- _What this task involves_
Write out exactly the lines of the entries below from the one holding "Alternative view of" to the one holding "24 件长杏仁 3D 凝胶指甲，采用仿珍珠设计，打造蝴蝶结，法式尖头按压指甲，杏仁完美贴合亚克力假指甲套装，包含：1", inclusive, and leave out all other lines.
===============
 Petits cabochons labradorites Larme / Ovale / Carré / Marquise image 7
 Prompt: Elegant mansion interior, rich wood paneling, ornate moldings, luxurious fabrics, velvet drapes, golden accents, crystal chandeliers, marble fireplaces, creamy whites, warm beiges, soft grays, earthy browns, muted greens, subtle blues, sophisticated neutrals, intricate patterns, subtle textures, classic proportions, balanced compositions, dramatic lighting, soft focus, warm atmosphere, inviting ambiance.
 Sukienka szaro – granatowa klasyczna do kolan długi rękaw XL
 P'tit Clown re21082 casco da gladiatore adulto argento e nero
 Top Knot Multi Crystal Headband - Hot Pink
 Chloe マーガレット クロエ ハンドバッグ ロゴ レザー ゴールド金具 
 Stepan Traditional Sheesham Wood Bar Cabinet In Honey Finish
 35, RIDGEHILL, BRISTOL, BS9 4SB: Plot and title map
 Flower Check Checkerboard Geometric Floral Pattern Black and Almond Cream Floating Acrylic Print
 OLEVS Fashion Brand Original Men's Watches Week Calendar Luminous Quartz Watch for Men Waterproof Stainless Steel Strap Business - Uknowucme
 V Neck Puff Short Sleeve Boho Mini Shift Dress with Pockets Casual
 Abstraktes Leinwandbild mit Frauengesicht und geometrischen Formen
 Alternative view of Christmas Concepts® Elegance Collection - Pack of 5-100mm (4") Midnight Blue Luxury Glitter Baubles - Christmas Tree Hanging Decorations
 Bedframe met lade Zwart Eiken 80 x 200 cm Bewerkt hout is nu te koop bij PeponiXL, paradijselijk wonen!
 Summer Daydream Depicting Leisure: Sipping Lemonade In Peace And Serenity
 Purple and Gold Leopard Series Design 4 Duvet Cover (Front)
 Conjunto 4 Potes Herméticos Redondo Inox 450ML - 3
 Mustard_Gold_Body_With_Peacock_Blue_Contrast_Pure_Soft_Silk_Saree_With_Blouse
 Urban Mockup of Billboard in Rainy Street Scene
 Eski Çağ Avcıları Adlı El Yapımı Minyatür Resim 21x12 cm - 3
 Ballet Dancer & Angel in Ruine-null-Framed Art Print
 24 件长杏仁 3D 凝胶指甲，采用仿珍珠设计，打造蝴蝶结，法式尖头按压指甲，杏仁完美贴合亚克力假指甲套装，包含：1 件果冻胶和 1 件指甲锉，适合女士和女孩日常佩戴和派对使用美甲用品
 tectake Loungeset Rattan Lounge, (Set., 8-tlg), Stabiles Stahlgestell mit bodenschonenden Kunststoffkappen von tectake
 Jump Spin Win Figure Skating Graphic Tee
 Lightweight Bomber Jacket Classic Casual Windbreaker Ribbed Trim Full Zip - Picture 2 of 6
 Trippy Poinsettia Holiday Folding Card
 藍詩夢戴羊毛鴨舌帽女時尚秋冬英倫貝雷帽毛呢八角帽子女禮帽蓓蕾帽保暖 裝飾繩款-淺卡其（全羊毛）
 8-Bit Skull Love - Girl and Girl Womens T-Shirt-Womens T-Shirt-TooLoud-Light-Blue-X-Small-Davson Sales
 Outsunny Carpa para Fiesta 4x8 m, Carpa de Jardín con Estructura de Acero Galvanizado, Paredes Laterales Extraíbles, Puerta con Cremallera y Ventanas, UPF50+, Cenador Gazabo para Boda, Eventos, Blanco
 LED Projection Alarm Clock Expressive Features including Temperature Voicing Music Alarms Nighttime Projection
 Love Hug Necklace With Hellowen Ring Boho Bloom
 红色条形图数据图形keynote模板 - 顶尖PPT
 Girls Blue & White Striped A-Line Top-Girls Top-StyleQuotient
===============
- _Response_
 Alternative view of Christmas Concepts® Elegance Collection - Pack of 5-100mm (4") Midnight Blue Luxury Glitter Baubles - Christmas Tree Hanging Decorations
 Bedframe met lade Zwart Eiken 80 x 200 cm Bewerkt hout is nu te koop bij PeponiXL, paradijselijk wonen!
 Summer Daydream Depicting Leisure: Sipping Lemonade In Peace And Serenity
 Purple and Gold Leopard Series Design 4 Duvet Cover (Front)
 Conjunto 4 Potes Herméticos Redondo Inox 450ML - 3
 Mustard_Gold_Body_With_Peacock_Blue_Contrast_Pure_Soft_Silk_Saree_With_Blouse
 Urban Mockup of Billboard in Rainy Street Scene
 Eski Çağ Avcıları Adlı El Yapımı Minyatür Resim 21x12 cm - 3
 Ballet Dancer & Angel in Ruine-null-Framed Art Print
 24 件长杏仁 3D 凝胶指甲，采用仿珍珠设计，打造蝴蝶结，法式尖头按压指甲，杏仁完美贴合亚克力假指甲套装，包含：1 件果冻胶和 1 件指甲锉，适合女士和女孩日常佩戴和派对使用美甲用品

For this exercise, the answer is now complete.